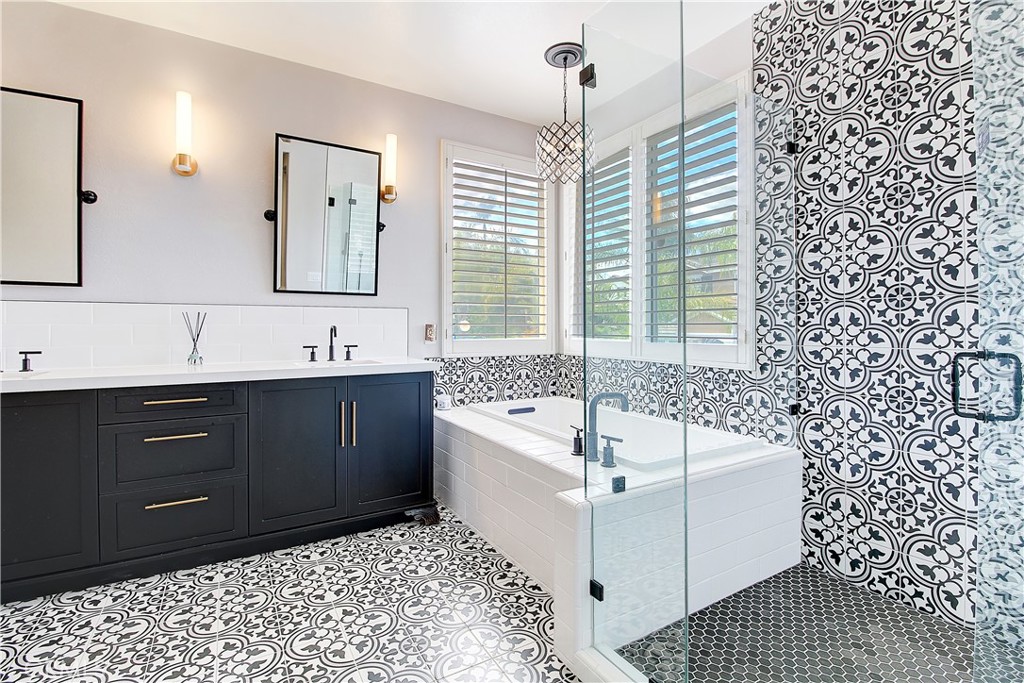 14182 Crystal View Terrace Riverside, CA 92508 - Photo 46 of 73 Gallery Image 46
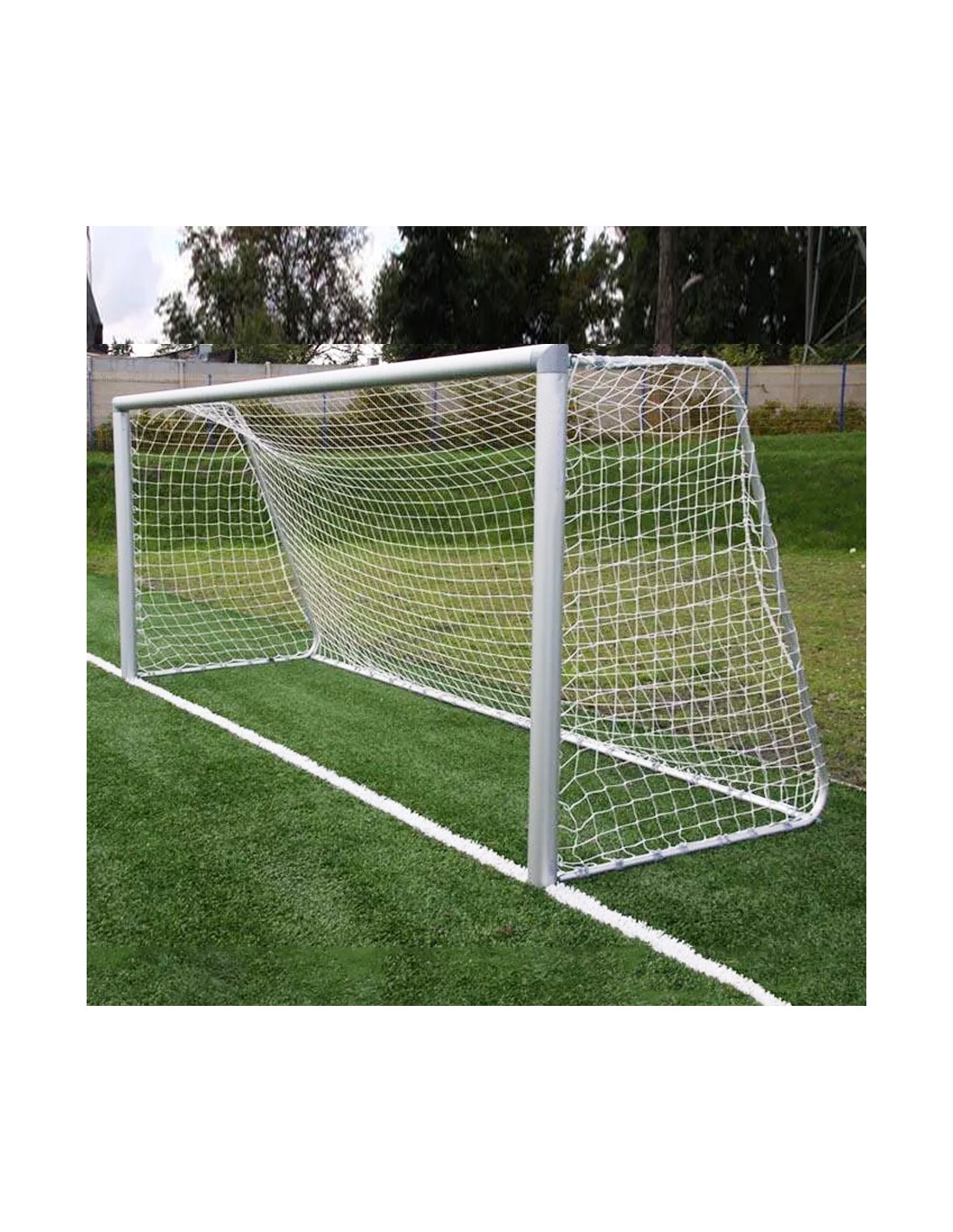 893177-thickbox_default-d9486182-17c6-ee11-b681-a8a15986bd35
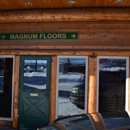 Magnum Floors - Carpet & Rug Dealers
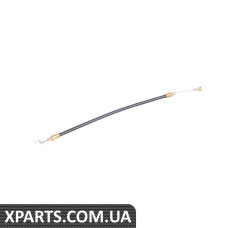 52101956900 BMW Боуден-кабель
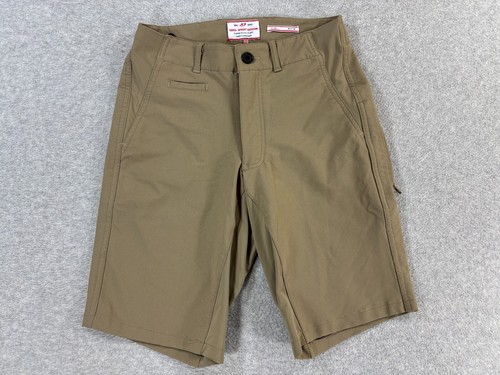 Giro sport design pantaloncini - giro,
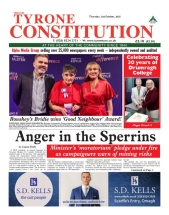 tyroneconstitution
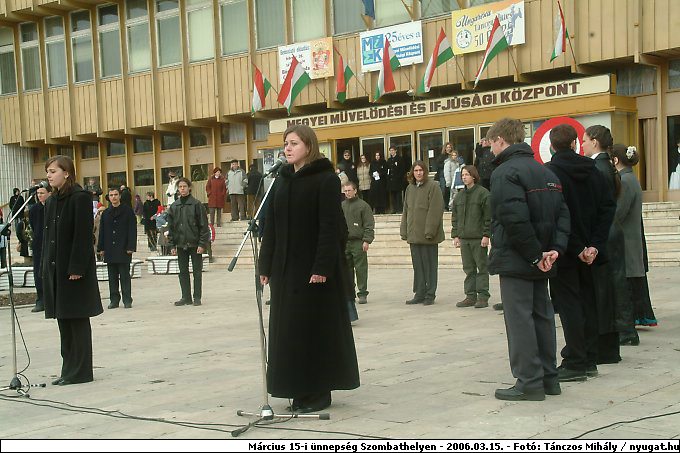 DSCF2966.jpg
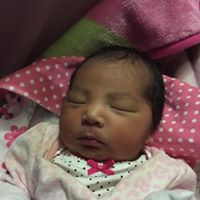 Ruthie Rose Photo 10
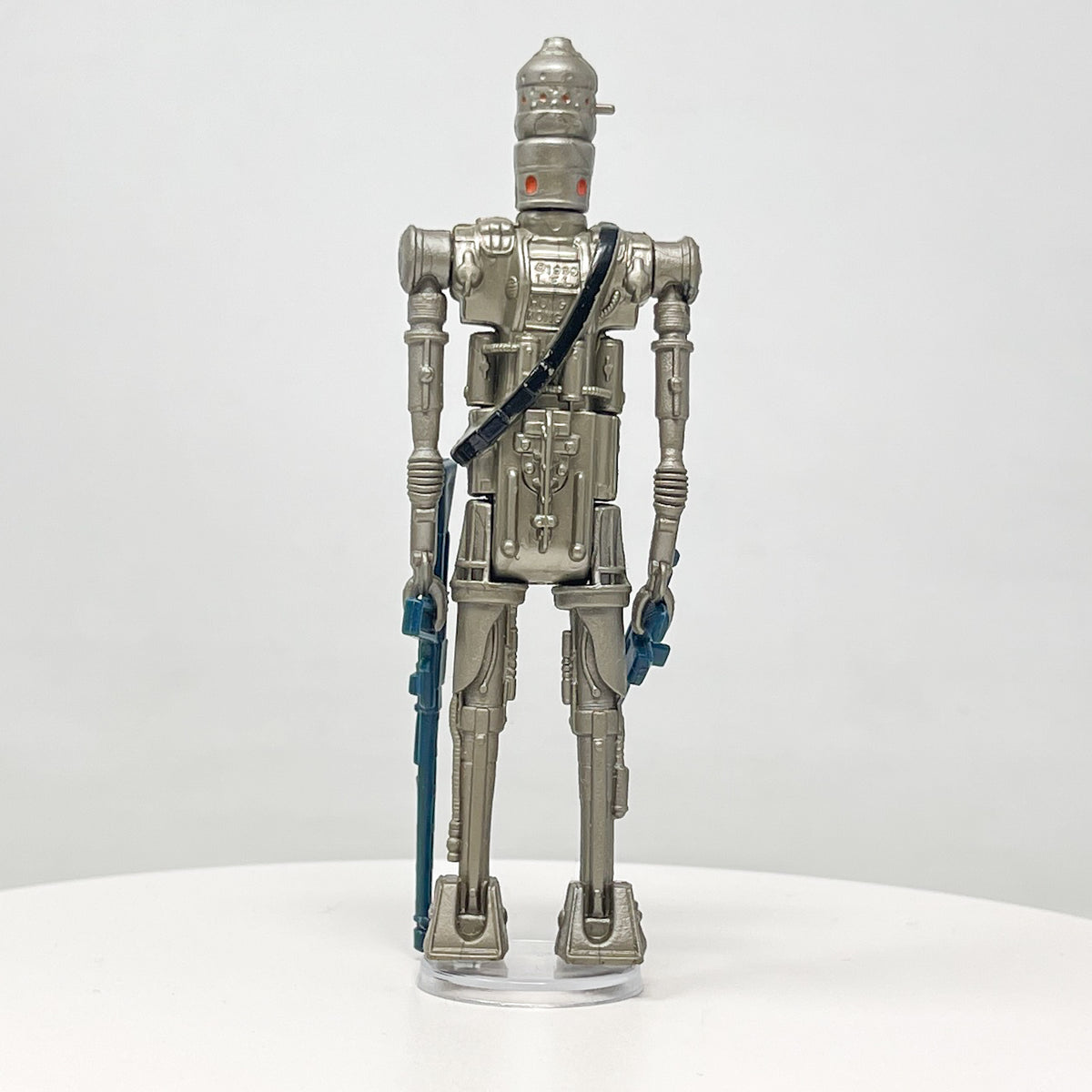 IG-88 Loose Complete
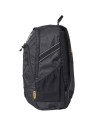 CAT-84076-01,Rucsac CATERPILLAR Urban Mountaineer - Matterhorn - negru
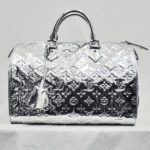 バッグ_ヴィトン_ミロワール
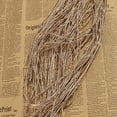 thumbnail image 2 of Cortina de Hilo Yeacher para Puerta Borla Brillante 100x200cm Decoración para Boda, 2 of 2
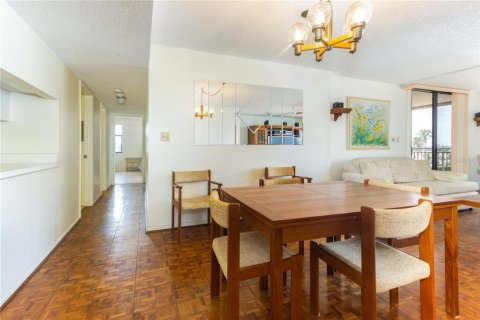 Купить кондоминиум в Клируотер, Флорида 3 комнаты, 135.82м2, № 1165433 - фото 26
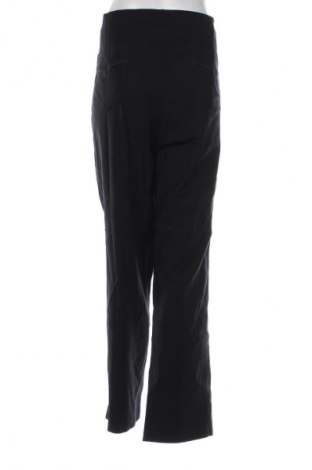 Pantaloni de femei, Mărime XXL, Culoare Negru, Preț 38,99 Lei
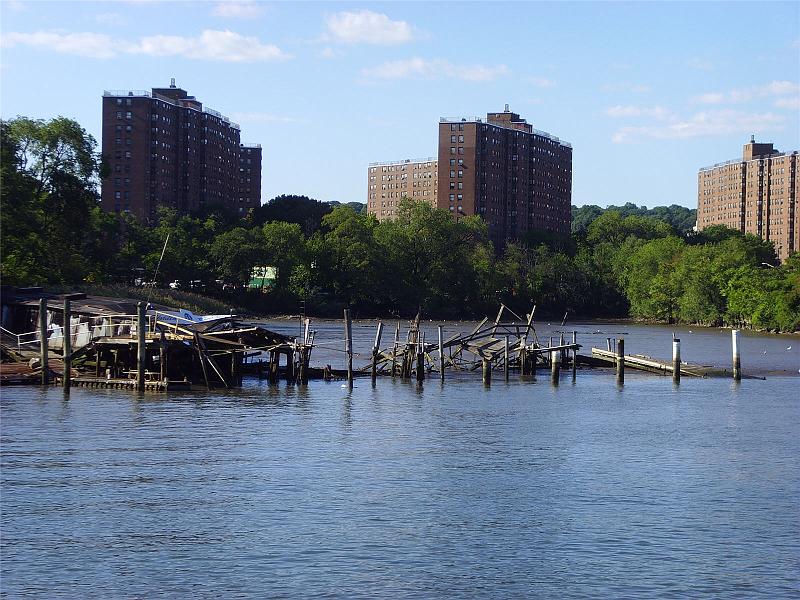 143_NewYork_2008.jpg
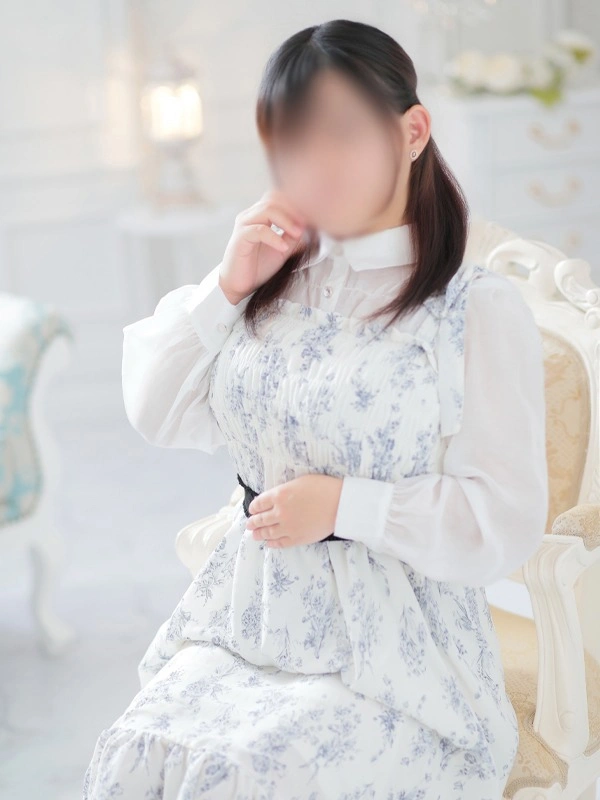 のえる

-*-

Copy the lines exactly. Start at the line with "Купить кондоминиум в", end at the last line above, include both, and omit all pictures.

Problem solution:
 Купить кондоминиум в Клируотер, Флорида 3 комнаты, 135.82м2, № 1165433 - фото 26
 Pantaloni de femei, Mărime XXL, Culoare Negru, Preț 38,99 Lei
 143_NewYork_2008.jpg
 のえる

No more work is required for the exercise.